For security reasons, Martin and his partner, Corporal Bob Hart, must coordinate all travel with a Canadian Forces detail, complicating their ability to associate with local police. Together with the force protection group, they regularly conduct joint foot patrols with the ANP, using the opportunity not only to discuss the concerns of commanders and their officers, but also to chat with merchants and others on the street. “When you speak to the people, the three things that always come to the forefront in their list of concerns are: security, agriculture and transportation. This is an agrarian society and they know they won’t be able to get their goods to market without security and transport.”
Every meeting, however, begins with a cup of tea. “They always want you to sit and have tea; there’s a great social ritual that goes along with all this; you have to be prepared to sit and take the time to do that.”
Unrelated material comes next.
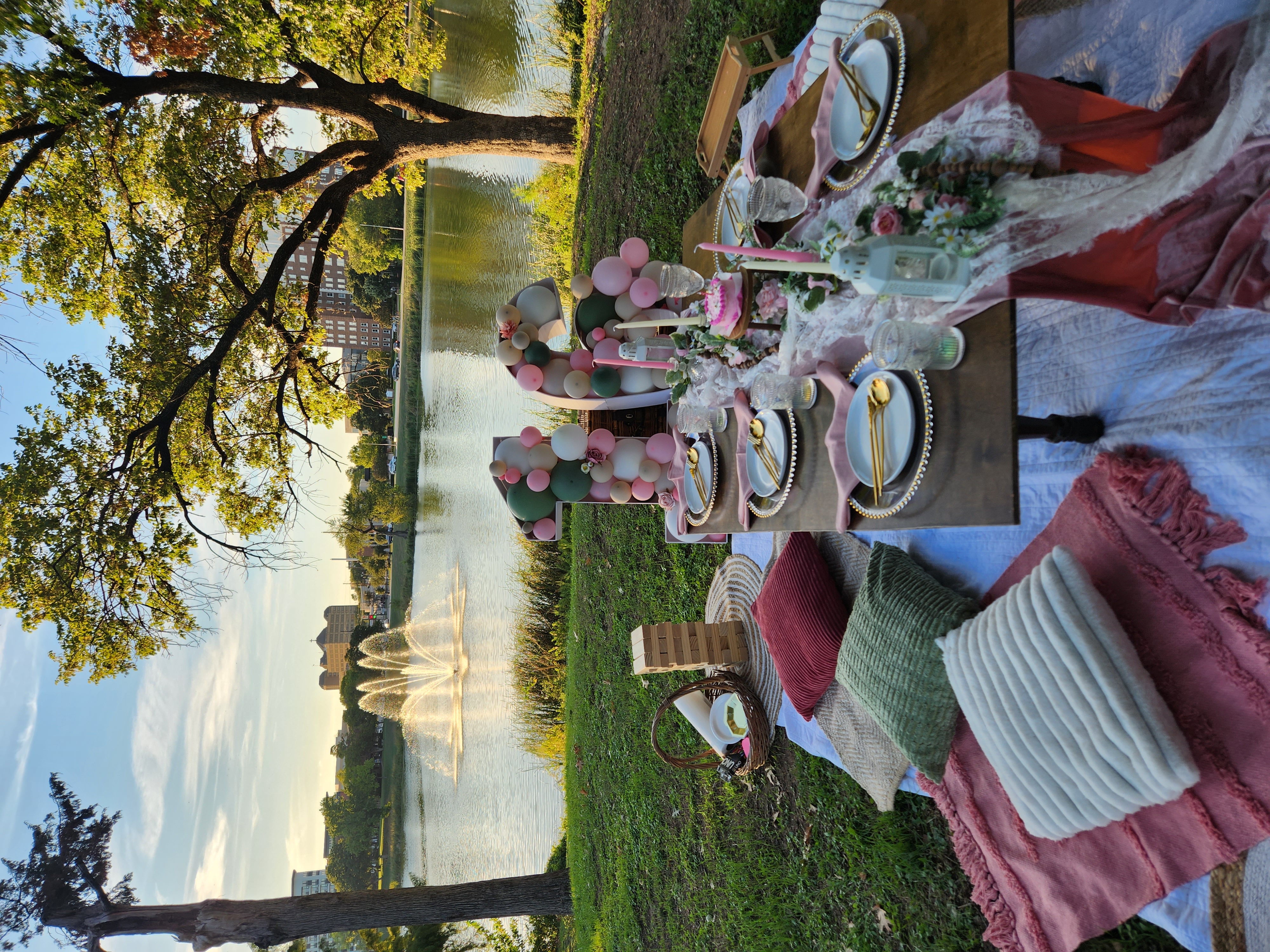 Lakeside luxury picnic at sunset with blush theme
Though Martin and Hart have served only three months of their one-year mandate, already they believe they’re making progress. “It takes time to gain trust, to forge a relationship. I’m just starting now to establish a relationship with the provincial chief of police,” Martin says. “We’re both starting to be more open and frank. We obviously don’t always agree on things but we understand each other. He’s in a hurry to get things accomplished because things have languished for so long and he wants it fixed now.”
The RCMP has a long history of training abroad. Since 1989, over 2000 officers have participated in 35 international police peacekeeping missions, including Namibia, former Yugoslavia, Haiti, Rwanda, Sierra Leone, Guatemala, Kosovo, East Timor and the Ivory Coast.
Since June 2003, the RCMP has also provided a senior police advisor to the United Nations Assistance Mission in Afghanistan (UNAMA). In September, Supt John Nikita became the third officer to deploy to Kabul to work with the various contingents of the UN, the ANP and the Minister of the Interior.
Martin was deployed in Haiti for 11 months in 1999 and believes his experience there is paying dividends in Afghanistan. “I’ve learned some things that I’m trying to apply here. You don’t create a cultural change overnight. If we’re going to be successful — not just from a policing point of view, but from the perspective of preventing Afghanistan from collapsing back into a failed state — we have to be in it for the long term. I think we learned that in Haiti. The situation had just started to improve in the three to five years that the international community was there, and then the international community turned its back for a period, and now Haiti has fallen back even further. And that would happen here if the international community is not in it for the long haul.”
Martin believes more is accomplished in incremental steps, working hand-in-hand with the locals rather than using outside forces to meet an end goal. “It’s a matter of saying, ‘we will do this for you, but in return you have to do this for yourself. Once you have demonstrated that you have done that, then we’ll move on to what’s next.’ It’s a matter of the Afghans taking responsibility for themselves and their country. Somebody said, and I love the quote, ‘We can’t love this country more than they do.’ That’s very simple but it’s true.
“You also have to be willing to let them do it — you monitor, you advise — but let them do things their way, let them lead and we support the direction they lead. In principle, we’re all moving in the same direction anyway. Afghanistan has expressed a desire to move toward a democratic style of government, to a civilianized and professionalized police force, and our job is to help them get there.”